# General army building assistance



## Lord Reevan

Okay well I am fairly new to fantasy but I know the major rules pretty well and I'd like some help on building my army.
I play dark elves and currently have a 20 man block of spearmen with shields and full command group, 12 crossbowmen with musician and champ, 8 dark riders with champ and musician, a reaper bolt thrower and an almost usable unit of black guard. 
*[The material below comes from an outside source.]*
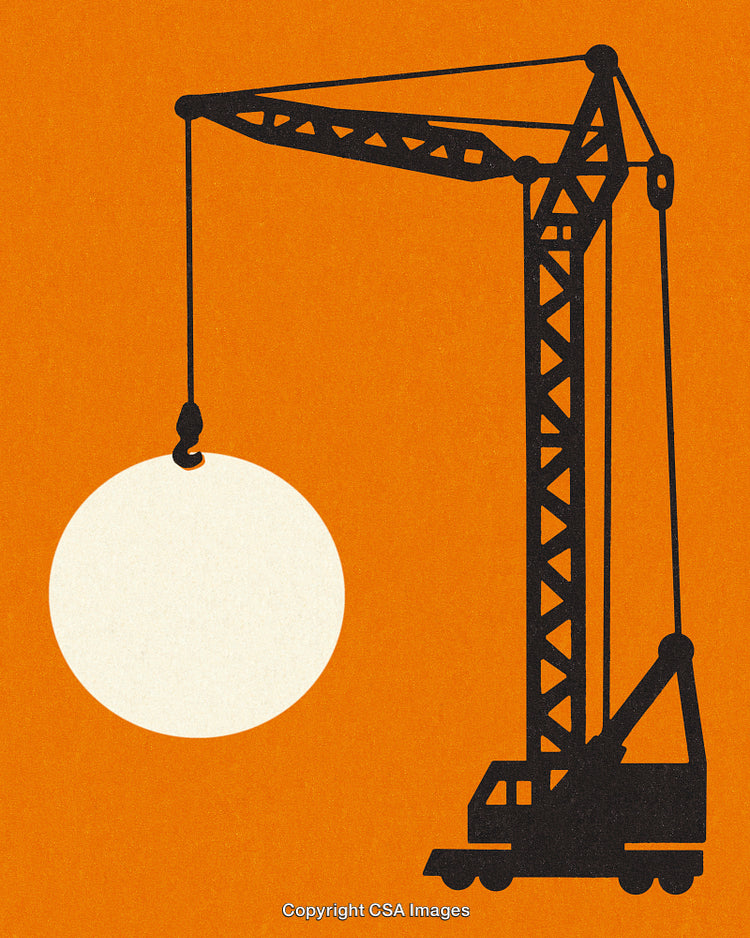 Silhouette of Crane With Wrecking Ball on Bright Orange Background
I'm looking for some help on how to make up a proper army and to give certain units certain upgrades like banners for dark riders, what units to put characters in and such. Any comments are appreciated and Any buying suggestions are welcome.

Thanks in advancek:


----------



## Ancient Tiel' a fier

Best advice wait for the new book coming in august, if you need something to be on with Witch elves are sick 3 poison attacks a piece.


----------



## Lord Reevan

And I've heard they always strike first too...
I'm asking as a kind of generalised army though and seeing what upgrades are best given to units like ranged, fast cavalry and the like.... Not going to much into account that they are dark elves though....


----------



## Green Knight

I would wait for the book, for the upgrades. But for your army i would get 2 units of Witch, 2 more bolt throwers, 3 more core choices like spears and some charactors like spellcasters and fighters


----------



## Lord Reevan

I was going to go for all that stuff apart from one witch unit and 1 cold one unit. Thing that gets me a lot is what are the best command groups for each unit. I don't want to waste points on a banner that can be easily stolen you see....


----------



## Green Knight

I give full command to all my units except bowmen and fast cavery. As the bowmen will die if in combat, and fast cavery is there to get rear charges and be a pain in the neck for the enemy.


----------



## Lord Reevan

Green Knight said:


> I give full command to all my units except bowmen and fast cavery. As the bowmen will die if in combat, and fast cavery is there to get rear charges and be a pain in the neck for the enemy.


do you not use command groups at all with those squads or just parts of them?? A champ in my dark riders unit is helpful as it gives him BS5 at the moment. plus the musician works well for panic and break tests even with range induced ones I think. what about those two in a fast cavalry squad???


----------